At the very end of the book is some advice for those traveling to Chicago in 1867.
- 1. Purchase your ticket previous to entering the cars, thus saving yourself trouble
and a dime.
2. Check your baggage, thereby avoiding any anxiety or vexation.
3. Have regard for the rights of your fellow-travellers, thereby teaching them by example to respect yours.
4. The fact of any article being deposited in a seat is evidence of the seat having been taken.
5. Always show your ticket (without getting in a bad humor) whenever the conductor asks for it. Observe this rule, and it will pay.
6. Look out for your valise, carpet-bags, &c., (as professional thieves are always around,) especially when the cars stop at a dining station.
7. A gentleman or lady should not occupy more than one seat at a time.
8. Ladies without escort in traveling should be very particular with whom they become acquainted.

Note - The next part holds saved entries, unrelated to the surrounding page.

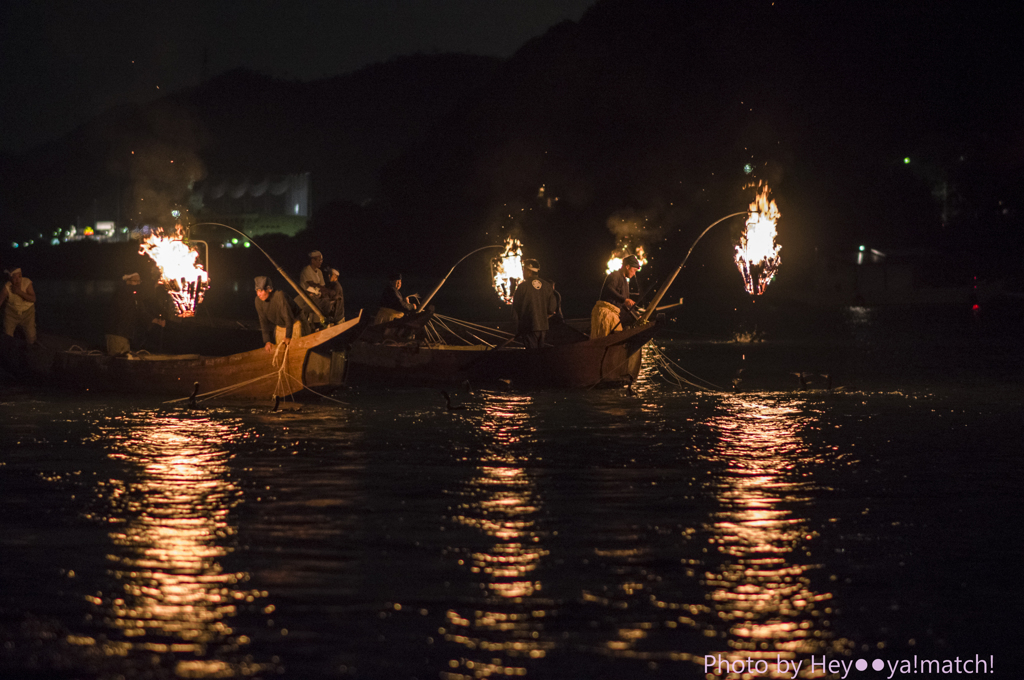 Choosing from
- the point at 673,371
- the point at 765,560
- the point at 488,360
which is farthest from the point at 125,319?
the point at 765,560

9. “If your lips would save from slips,
Five things observe with care:
Of whom you speak, to whom you spoak,
And how, and when, and where.”
10. Whenever you see a fellow overanxious for your comfort, and pushing himself forward, saying, “Are you traveling alone?” “Allow me to/’&c., &c., just say to him,
“Thank you, sir. I require no assistance.” By observing this rule, ladies will often save themselves and others trouble.
11. Never sit in a seat, in warm weather, with a man weighing 244 pounds.

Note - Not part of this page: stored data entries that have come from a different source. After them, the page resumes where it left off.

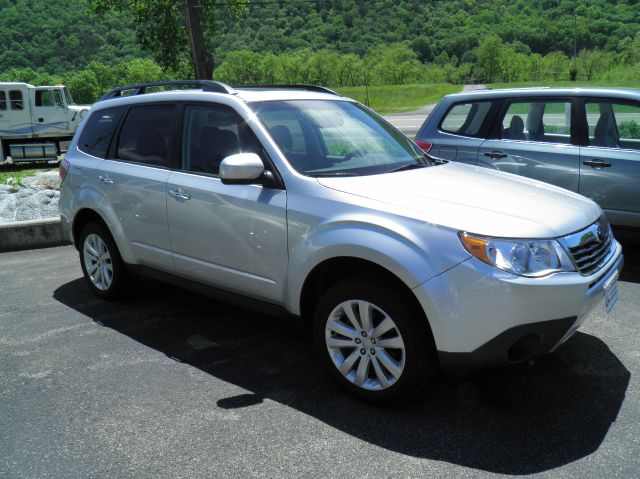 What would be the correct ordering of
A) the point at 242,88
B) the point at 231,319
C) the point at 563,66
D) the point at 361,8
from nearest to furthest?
1. the point at 242,88
2. the point at 231,319
3. the point at 563,66
4. the point at 361,8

12. Never give information without being asked, then you will not be contradicted.
13. Never let your valise, bag, coat, or any other article, occupy a seat when there is a rack for them. It looks bad for you to occupy a whole seat when there are passengers
standing without seats.
14. Never sit on the end of another person’s seat with your back turned, talking to an opposite party; it is disagreeable to the one whose seat you are thus obtruding yourself on.
15. Never sit beside a person who is hard of hearing, and has never travelled any; get away; there are too many questions to be answered.
16. Never make love in a railroad car; being too affectionate, people will talk.
17. All railroad tickets are GOOD UNTIL USED ; the condition “good for this day only” being of no value, according to judicial decisions.